[Source records]
########################################

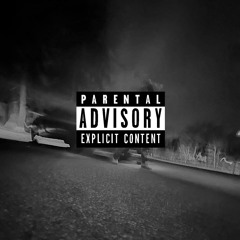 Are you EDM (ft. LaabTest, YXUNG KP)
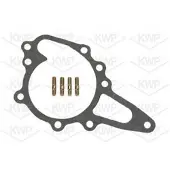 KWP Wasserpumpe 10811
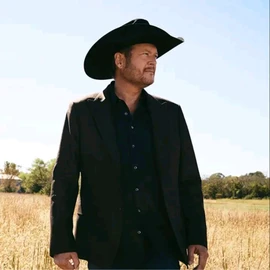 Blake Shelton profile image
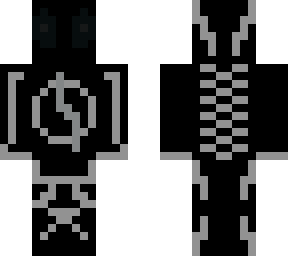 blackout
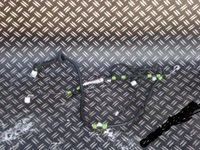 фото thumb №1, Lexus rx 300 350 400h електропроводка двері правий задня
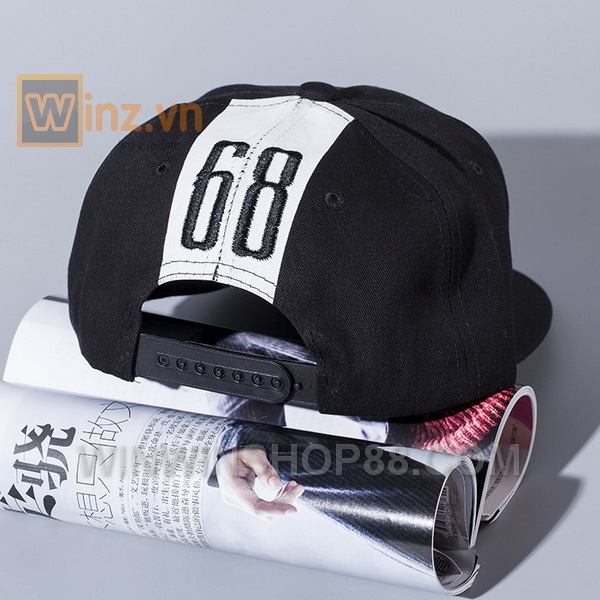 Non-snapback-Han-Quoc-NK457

########################################

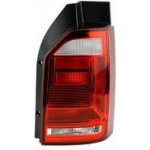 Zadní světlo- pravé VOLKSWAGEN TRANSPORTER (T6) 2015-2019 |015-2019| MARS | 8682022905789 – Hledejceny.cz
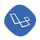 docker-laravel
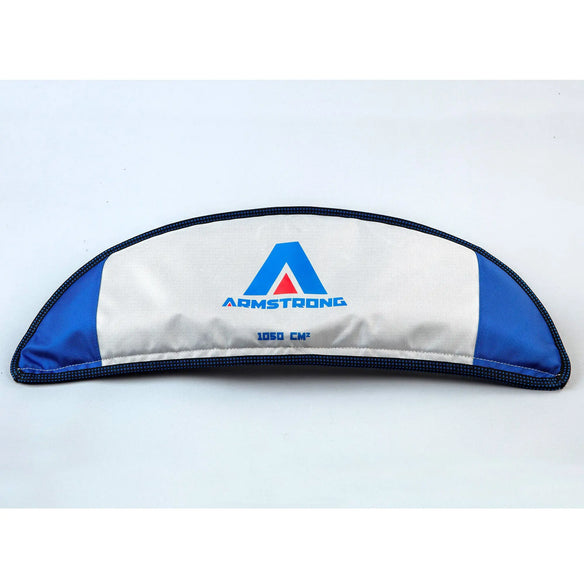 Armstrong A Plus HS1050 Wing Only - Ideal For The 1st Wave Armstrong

########################################

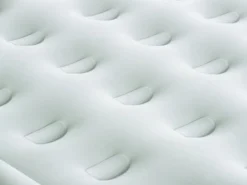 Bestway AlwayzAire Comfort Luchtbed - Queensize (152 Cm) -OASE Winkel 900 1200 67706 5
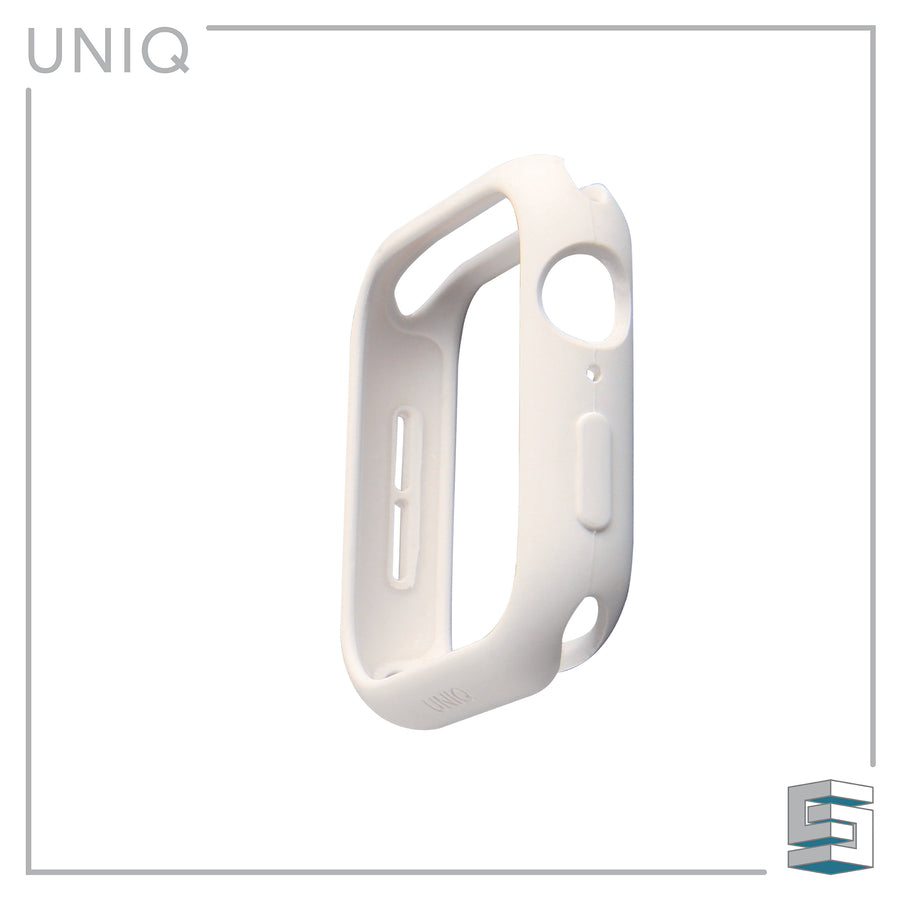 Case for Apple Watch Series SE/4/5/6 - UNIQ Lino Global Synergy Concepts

########################################

[What to work on] Leaving pictures out, output the lines of the data above from the one with "Are you EDM (ft. LaabTest, YXUNG KP)" through the one with "Non-snapback-Han-Quoc-NK457", word for word.

[Response]
 Are you EDM (ft. LaabTest, YXUNG KP)
 KWP Wasserpumpe 10811
 Blake Shelton profile image
 blackout
 фото thumb №1, Lexus rx 300 350 400h електропроводка двері правий задня
 Non-snapback-Han-Quoc-NK457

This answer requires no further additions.